At December 31, 2004, the allowance for loan losses was $7.193 million or 1.28% of total loans outstanding, compared to $6.909 million or 1.54% at December 31, 2003. During 2004, the provision for loan losses totaled $990 thousand compared to $1.350 million in 2003. The allowance as a percent of total loans decreased due to strong credit quality and loan loss ratios which are better than those of Horizon’s peers. However, no assurance can be given that Horizon will not, in any particular period, sustain loan losses that are significant in relation to the amount reserved, or that subsequent evaluations of the loan portfolio, in light of factors then prevailing, including economic conditions and management’s ongoing quarterly assessments of the portfolio, will not require increases in the allowance for loan losses. Horizon considers the allowance for loan losses to be adequate to cover losses inherent in the loan portfolio as of December 31, 2004.

Nonperforming Loans

Nonperforming loans are defined as loans that are greater than 90 days delinquent or have had the accrual of interest discontinued by management. Management continues to work diligently toward returning nonperforming loans to an earning asset basis. Nonperforming loans for the previous three years ending December 31 are as follows:

                         
    2004     2003     2002  
Nonperforming loans
  $ 1,358     $ 1,882     $ 1,293  

Nonperforming loans total 19% of the allowance for loan losses at December 31, 2004 compared to 27% and 21% of the allowance for loan losses on December 31, 2003 and 2002, respectively.

A loan becomes impaired when, based on current information, it is probable that a creditor will be unable to collect all amounts due according to the contractual terms of the loan agreement. When a loan is classified as impaired, the degree of impairment must be recognized by estimating future cash flows from the debtor. The present value of these cash flows is computed at a discount rate based on the interest rate contained in the loan agreement. However, if a particular loan has a determinable market value, the creditor may use that value.

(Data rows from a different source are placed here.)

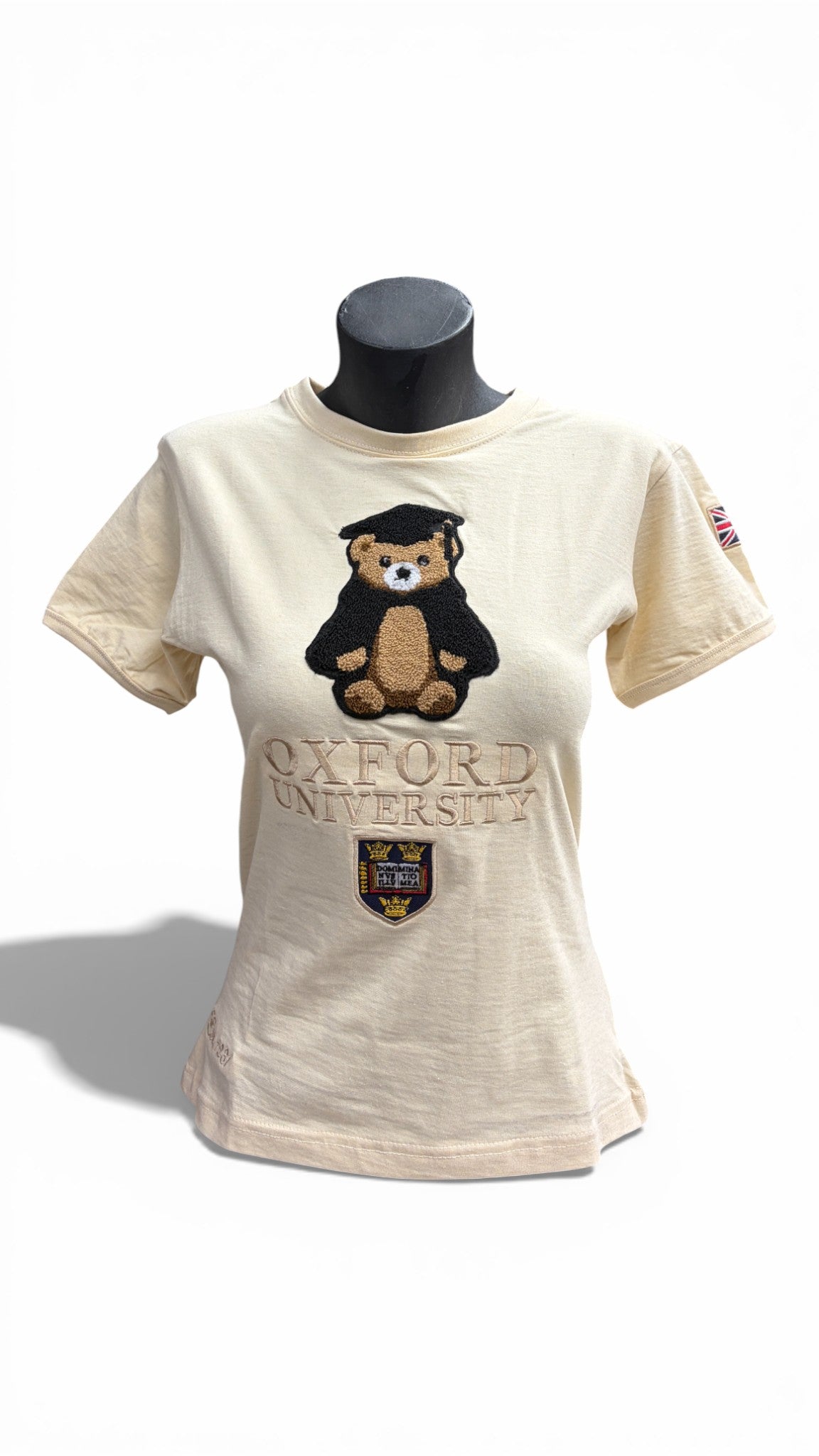 Oxford University Ladies Embroidered Teddy T-Shirt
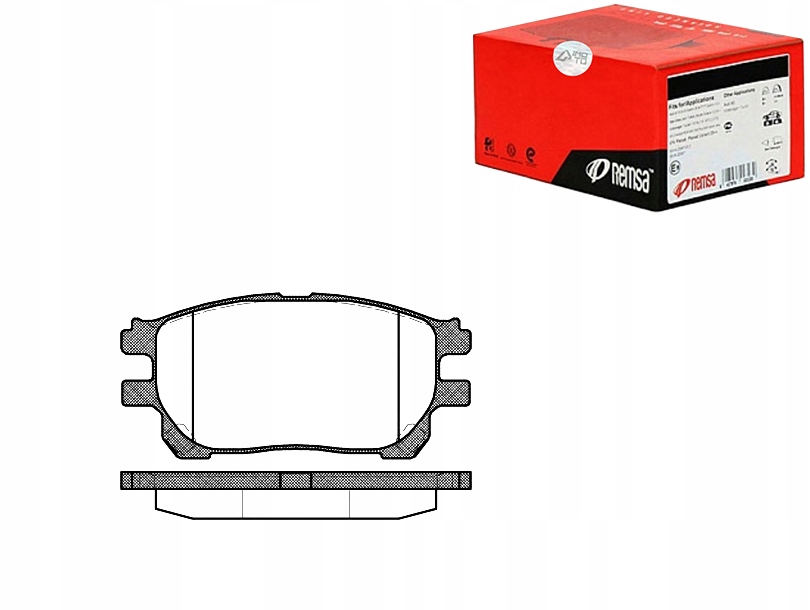 КОМПЛЕКТ КОЛОДОК ТОРМОЗНЫХ РЕМИТ 4465284907229o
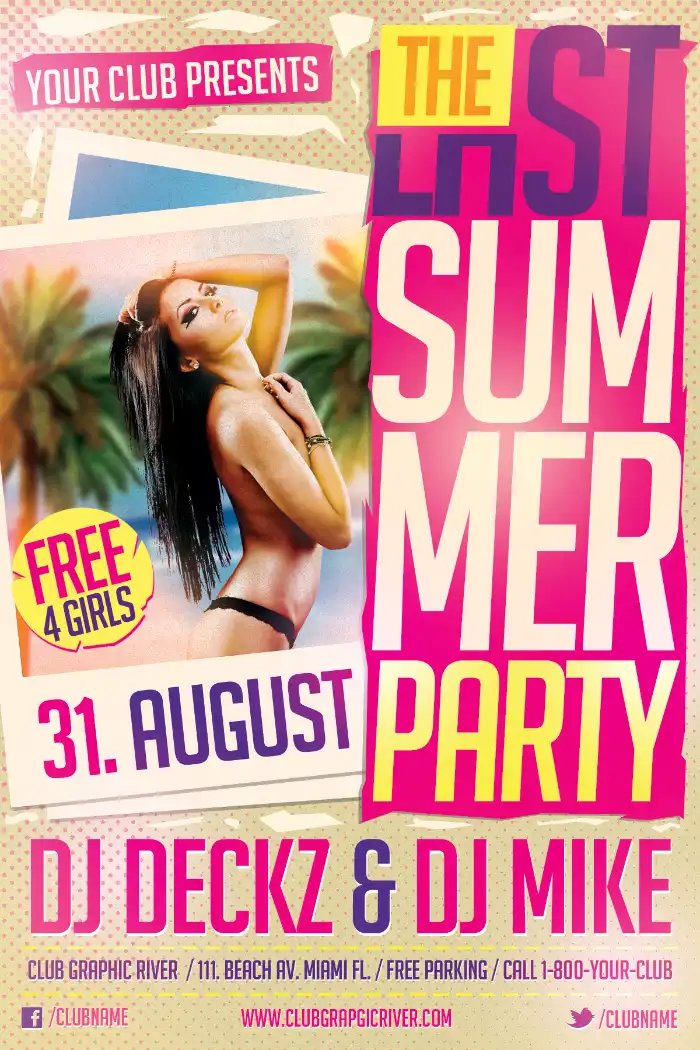 Last Summer Flyer Template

Also, if the loan is secured and considered collateral dependent, the creditor may use the fair value of the collateral.

Smaller-balance, homogeneous loans are evaluated for impairment in total. Such loans include residential first mortgage loans secured by 1 – 4 family residences, residential construction loans, automobile, home equity, second mortgage loans, and mortgage warehouse loans. Commercial loans and mortgage loans secured by other properties are evaluated individually for impairment. When analysis of borrower operating results and financial condition indicate that underlying cash flows of a borrower’s business are not adequate to meet its debt service requirements, the loan is evaluated for impairment. Often this is associated with a delay or shortfall in payments of 30 days or more. Loans are generally moved to nonaccrual status when 90 days or more past due. These loans are often considered impaired. Impaired loans, or portions thereof, are charged off when deemed uncollectible.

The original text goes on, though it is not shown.